In the January 22, 2022 decision in White v. Smule, Inc., __ Cal. App. 5th __ (2022), a California Court Appeal addressed the question of whether a California statute, Labor Code Section 970, prohibits employers from inducing employees to relocate and accept employment by way of knowingly false representations regarding the kind, character, or existence of work, or the length of time such work will last. Interestingly, the court was asked to determine whether the statutory rules in Section 970 clashed with the right to terminate employees at will.
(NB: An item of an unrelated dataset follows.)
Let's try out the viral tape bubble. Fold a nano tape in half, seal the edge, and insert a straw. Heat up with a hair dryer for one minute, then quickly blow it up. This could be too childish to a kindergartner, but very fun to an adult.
1. The Employee’s Misrepresentation Claims
The employee’s two-part claim included allegations of (1) false assurances of long-term employment, as well as (2) misrepresentations regarding the role he would fill at the employer’s company. The court of appeal concluded that the employee’s at-will employment provision negated his first claim based on alleged “justifiable reliance” on a representation of long-term employment. But it did not shield the employer from accountability for misrepresentations regarding the role the employee would fill at the company. It therefore reversed the trial court’s summary judgment ruling in favor of the employer.
2. The Lawsuit
The lawsuit was filed by Kenneth White, who accepted a position with Smule, Inc. as a lead project manager. Smule develops and markets consumer applications with a specialty in music social applications. White alleged a violation of Labor Code Section 970 arising out of discussions he had with Smule before accepting the position.
In defending the lawsuit, Smule provided evidence that White had signed an integrated at-will employment agreement that White conceded he read, signed, and understood. Smule argued that the at-will agreement negated any justifiable reliance on allegedly false representations regarding the length of time his work would last. Smule also argued White could not establish that Smule made any other knowingly false representations. The trial court agreed with Smule’s first argument and granted it summary judgment.
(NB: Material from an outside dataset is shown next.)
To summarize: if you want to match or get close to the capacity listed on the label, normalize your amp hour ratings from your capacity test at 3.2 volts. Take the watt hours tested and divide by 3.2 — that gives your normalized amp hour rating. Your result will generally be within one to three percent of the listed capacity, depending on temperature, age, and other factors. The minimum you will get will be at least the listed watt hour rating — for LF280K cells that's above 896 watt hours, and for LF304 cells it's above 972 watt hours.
3. The Language And Purpose Of The Misrepresentation Statute — Labor Code Section 970
White’s claims centered on Labor Code Section 970, which states: “No person, or agent or officer thereof, directly or indirectly, shall influence, persuade, or engage any person to change from one place to another in this State or from any place outside to any place within the State, or from any place within the State to any place outside, for the purpose of working in any branch of labor, through or by means of knowingly false representations, whether spoken, written, or advertised in printed form, concerning either: (a) The kind, character, or existence of such work; [or] (b) The length of time such work will last….“
The Legislature enacted Section 970 to protect migrant workers from abuses by unscrupulous employers, especially abuses involving false promises made to induce migrant workers to move in the first instance. However, Section 970 is not restricted in application to farm labor or other mass hiring situations.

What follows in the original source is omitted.